WORK TO BE COMPLETED: The lines to output run from the first line of the entries below through the line containing "We also have"; copy them exactly and leave out pictures.

DATA RECORDS:
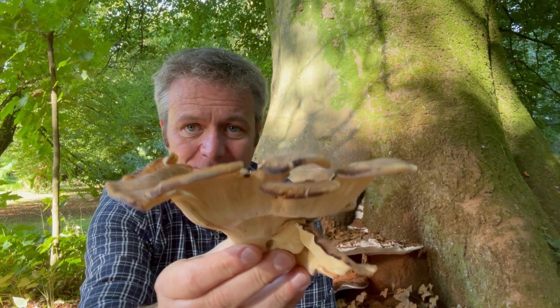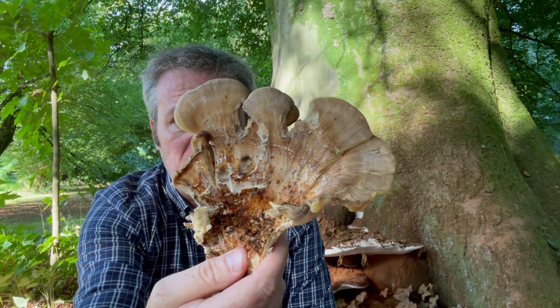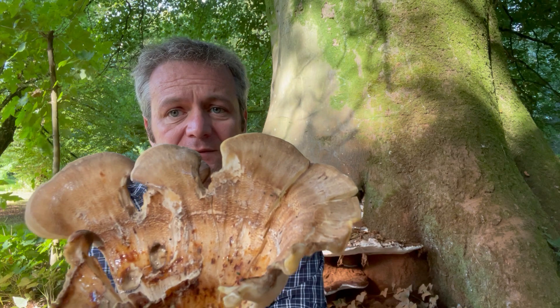So here it is, hopefully you can see that okay. It's quite a large frond — when it's fresh it can be quite an orangey colour, fading to this browny grey fawn colour.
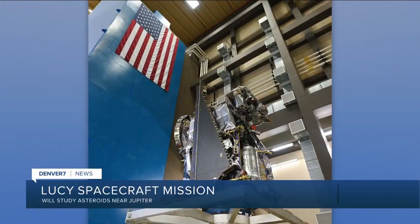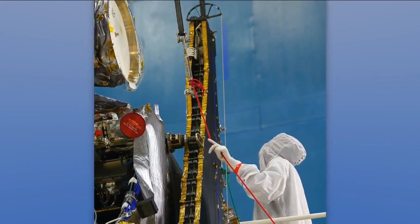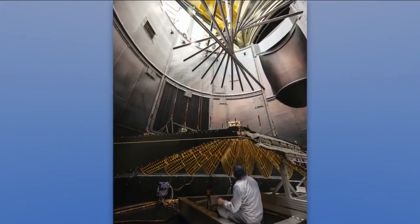The launch window opens tomorrow for a Colorado spacecraft on a mission to Jupiter. Lucy was designed, built, and tested at Lockheed Martin in Waterton Canyon in Jefferson County. The Lucy mission will visit eight asteroids near Jupiter over 12 years. The goal is to understand how the solar system evolved by using high precision instruments.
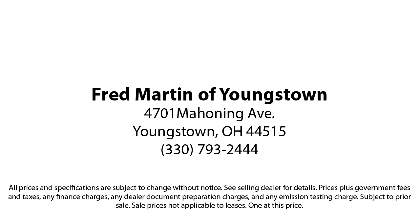We sell for less — a lot less. Fred Martin of Youngstown is located at 4701 Mahoning Avenue in Youngstown.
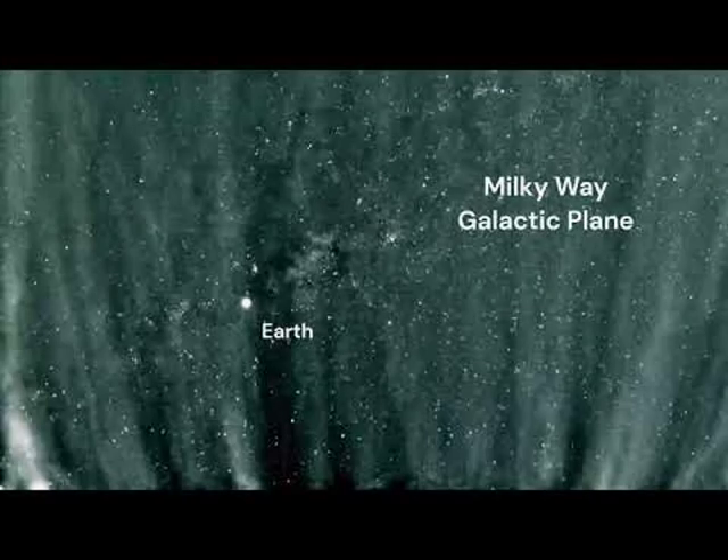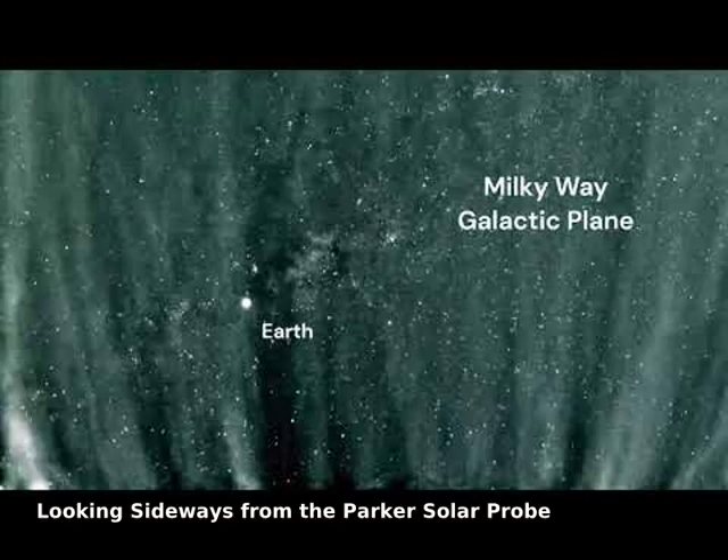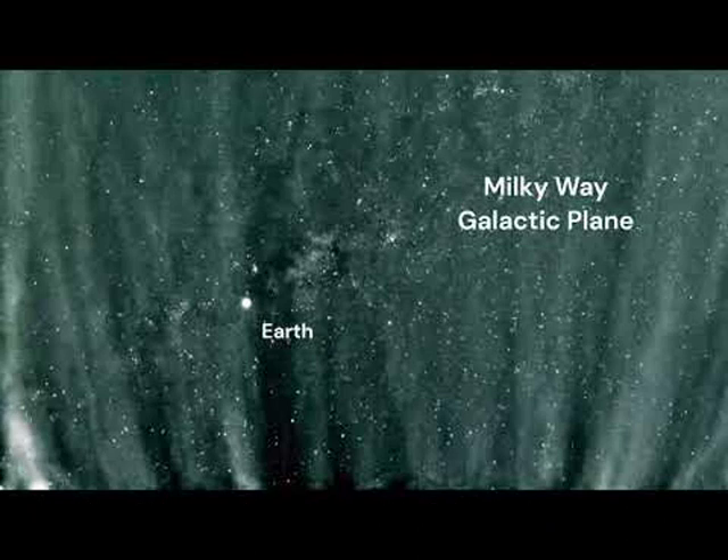What's happening near the sun? To help find out, NASA launched the robotic Parker Solar Probe, PSP, to investigate regions closer to the sun than ever before. The PSP's looping orbit brings it nearer to the sun each time around, every few months. The featured time-lapse video shows the view looking sideways from behind PSP's sun shield during its 16th approach to the sun last year, from well within the orbit of Mercury.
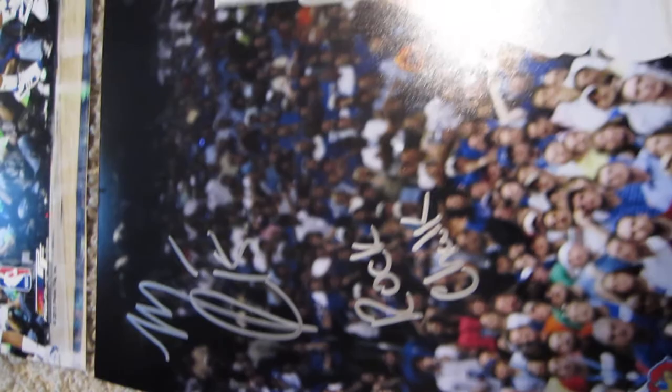We also have that same photo with the Rock Chalk inscription — just a fantastic piece. And also the 8x10 of that same photo. All these items are available at powersautographs.com or by calling 650-888-7915.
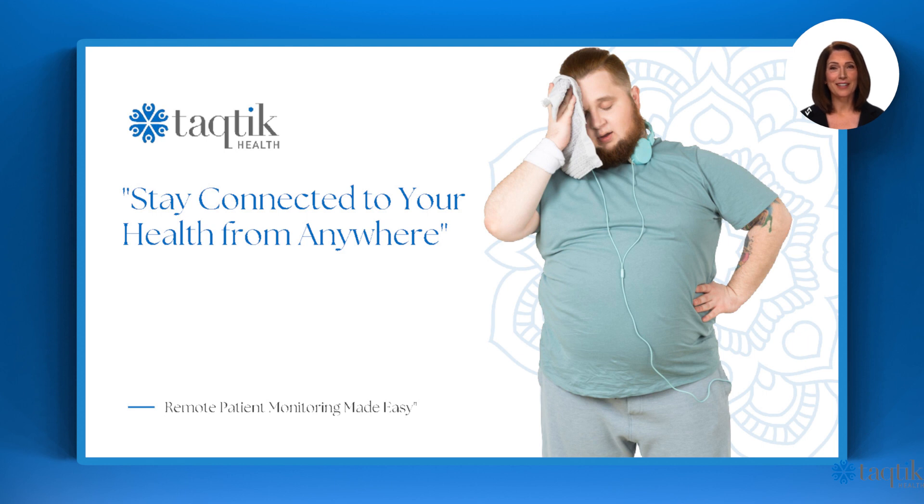Stay connected to your health from anywhere. It's remote patient monitoring made easy by Tactic Health.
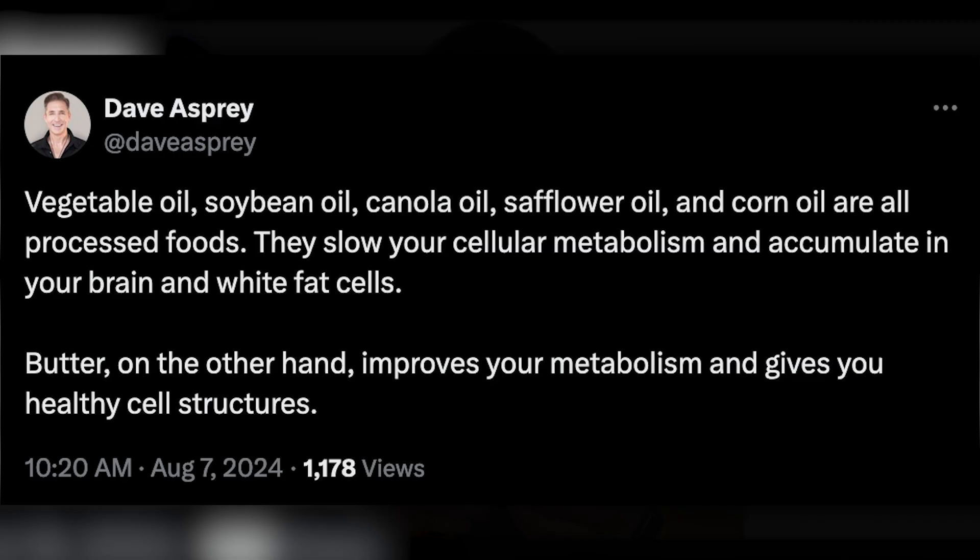Anyway, today we don't have a video to review. We have — I guess we can't call them tweets anymore, can we? We have a post he made on X, and he says vegetable oil, soybean oil, canola oil, safflower oil, and corn oil are all processed foods.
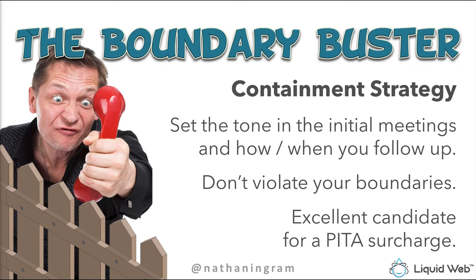The Boundary Buster is an excellent candidate for what I call a PITA surcharge — PITA stands for 'pain in the asterisk.' If I'm going to work with a Boundary Buster, it's going to be worth it — we charge extra to work with a difficult person. And sometimes if a person becomes a Boundary Buster during the project, you have to fire the client. Just make sure you have that scenario covered in your contract, otherwise things can get ugly.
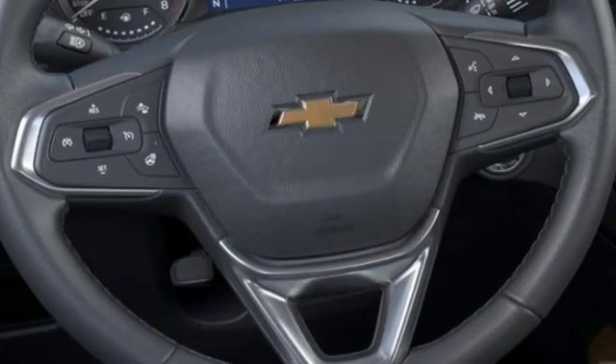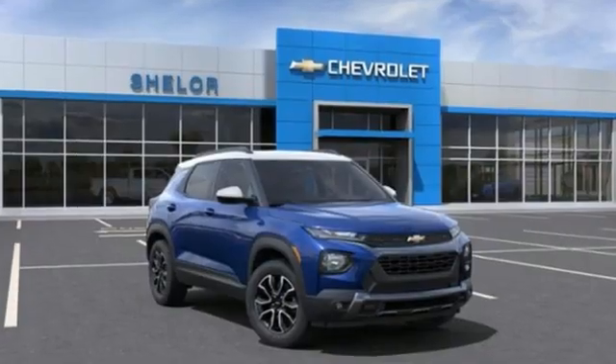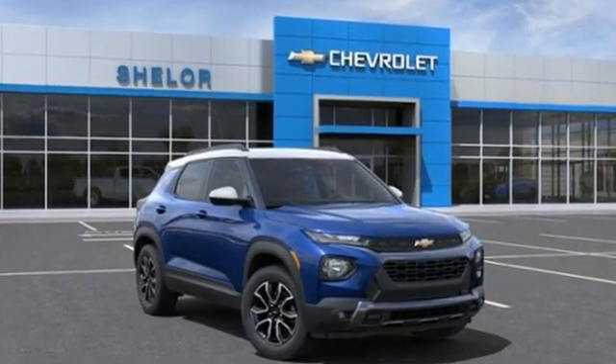They say a journey of a thousand miles begins with one step. Well, in this case, it begins with a test drive. Start your next adventure today.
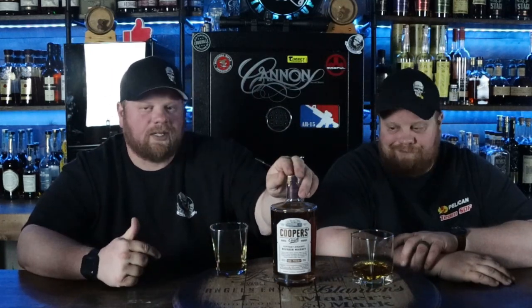Someone from our area ended up sending it to us — this has been one we've been wanting to try. 100 proof, just something that everybody says is great and we can't get up here. I actually cracked it open already just to see how it was, and it is freaking delicious. Yummy, yummy, yummy.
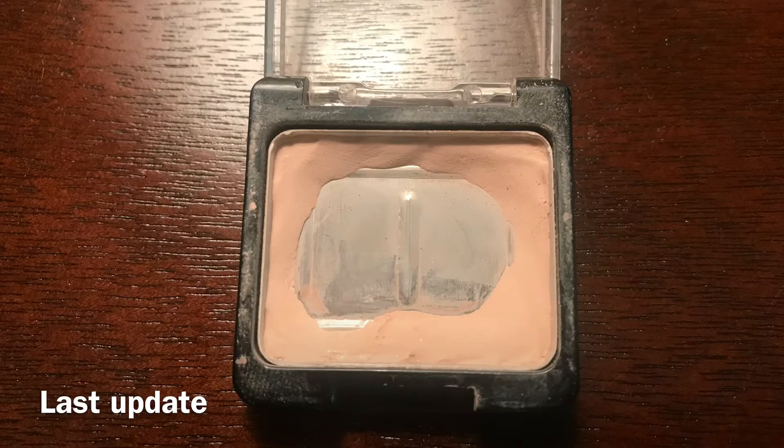The first product I have here is Wet n Wild's Brulee, and I believe I have some pictures, so if I do, I'm going to insert them. So this is where I was last update, and this is where I am right now. This is completely done. I am really excited about this. I did take this on vacation and I was able to finish it there. So now I can work on my other shadows and my big palettes.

WRITTEN ANSWER:
So here it is, hopefully you can see that okay. It's quite a large frond — when it's fresh it can be quite an orangey colour, fading to this browny grey fawn colour.
The launch window opens tomorrow for a Colorado spacecraft on a mission to Jupiter. Lucy was designed, built, and tested at Lockheed Martin in Waterton Canyon in Jefferson County. The Lucy mission will visit eight asteroids near Jupiter over 12 years. The goal is to understand how the solar system evolved by using high precision instruments.
We sell for less — a lot less. Fred Martin of Youngstown is located at 4701 Mahoning Avenue in Youngstown.
What's happening near the sun? To help find out, NASA launched the robotic Parker Solar Probe, PSP, to investigate regions closer to the sun than ever before. The PSP's looping orbit brings it nearer to the sun each time around, every few months. The featured time-lapse video shows the view looking sideways from behind PSP's sun shield during its 16th approach to the sun last year, from well within the orbit of Mercury.
We also have that same photo with the Rock Chalk inscription — just a fantastic piece. And also the 8x10 of that same photo. All these items are available at powersautographs.com or by calling 650-888-7915.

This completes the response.